By simplifying the code-writing process, CASE allows a company to spend more time designing its software and figuring out appropriate business processes.
"You use the power of the personal computer to translate that vision into well-defined, executable code," Mr. Leonard said.
"Most of the effort put into systems development is maintaining old systems," he said. "So when a system is built under a CASE environment, that maintenance cycle is far easier because it is self-documented in terms of how it works. The work flows are visually apparent to a new person looking at that system, and it makes that system much easier to maintain."
Judy Martin-Mitchell, a vice president at First Chicago, said CASE delivers significant" productivity gains if the user understands its limitations.
"It's certainly not a silver bullet," Ms. Mitchell said. "It's a very difficult way to do systems work. It takes a real commitment to make it work."
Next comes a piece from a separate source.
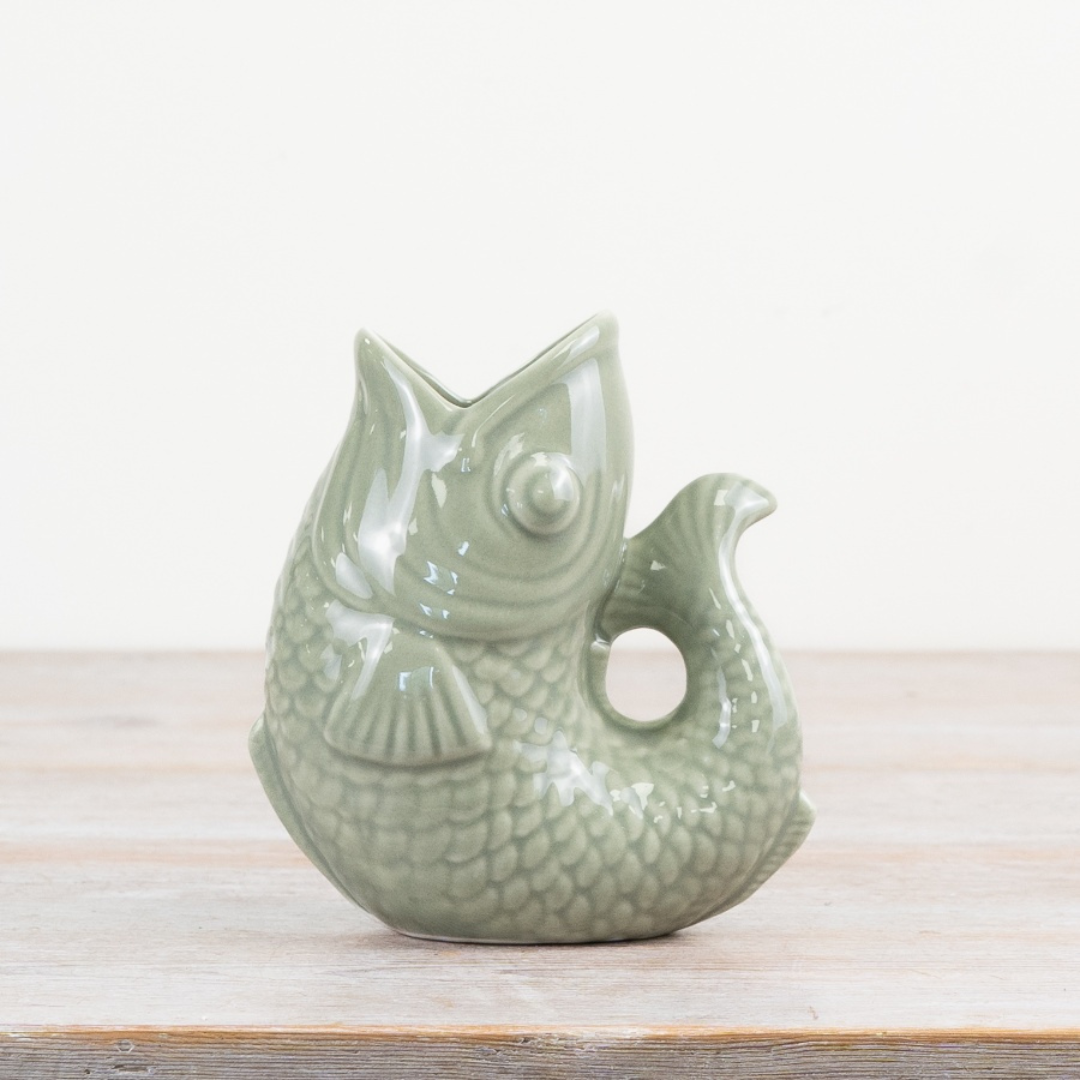 Sage Green Fish Vase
First Chicago, which began experimenting with CASE in 1988, is using a version produced by Dallas-based Texas Instruments Inc.
Wachovia purchased its CASE technology from Knowledgeware Inc. of Atlanta and Bachman Information Systems Inc. of Burlington, Mass.
The main advantage of the CASE approach is that it generates unusually error-free code.
Once that code is produced, there is less need for subsequent debugging, which is the bane of most other software development techniques.
However, the use of a different design method requires extensive retraining of programmers, and much more time must be devoted to the initial design work.
"It's not a quick fix," Mr. Leonard said. "We understood it to be a long-term cultural change in the way you develop and manage systems. CASE requires training and cultural change with your systems developers. It has to be installed over time as you create more of your base software under this umbrella."
Wachovia is using CASE technology both to design new systems and maintain old ones. What Wachovia terms the "full CASE workbench" covers a product's total life span, from planning to production to later modification.
Cecil O. Smith Jr., head of Wachovia's Information Services unit, estimates that building a system from the ground up using CASE produces a 25% productivity gain, though he can't prove that empirically. The real payback, he said, occurs over the entire life cycle of a product, which can be 10 years or more.
Wachovia is using the CASE workbench in a major joint development effort with New York-based Financial Technologies International Inc. to enhance its trust system.
An in-house CASE effort will develop a new system for supporting charitable tax-trust funds.
"Developer's workbench" is what Wachovia calls the process of using CASE tools to maintain existing software.
Mr. Smith calculates that this use of CASE, which is actually the most common in the banking industry, produces a lesser productivity boost of 10% to 15%.
Wachovia believes CASE will do more than just make life easier for its applications programmers.
Ultimately, the technology is supposed to enhance the level of service offered by bankers.
"Hopefully, they'll see an ability on Wachovia's part to produce new products more easily and quickly, and have a more competitive product line at lower cost," Mr. Leonard said.
"The quality of our software is the bedrock upon which our product line is built," he said. "Our ability to develop cost-effective, reliable, flexible software will, over the long haul, define our ability to compete in this marketplace. We think CASE is one of the tools that we'll have to use to do that."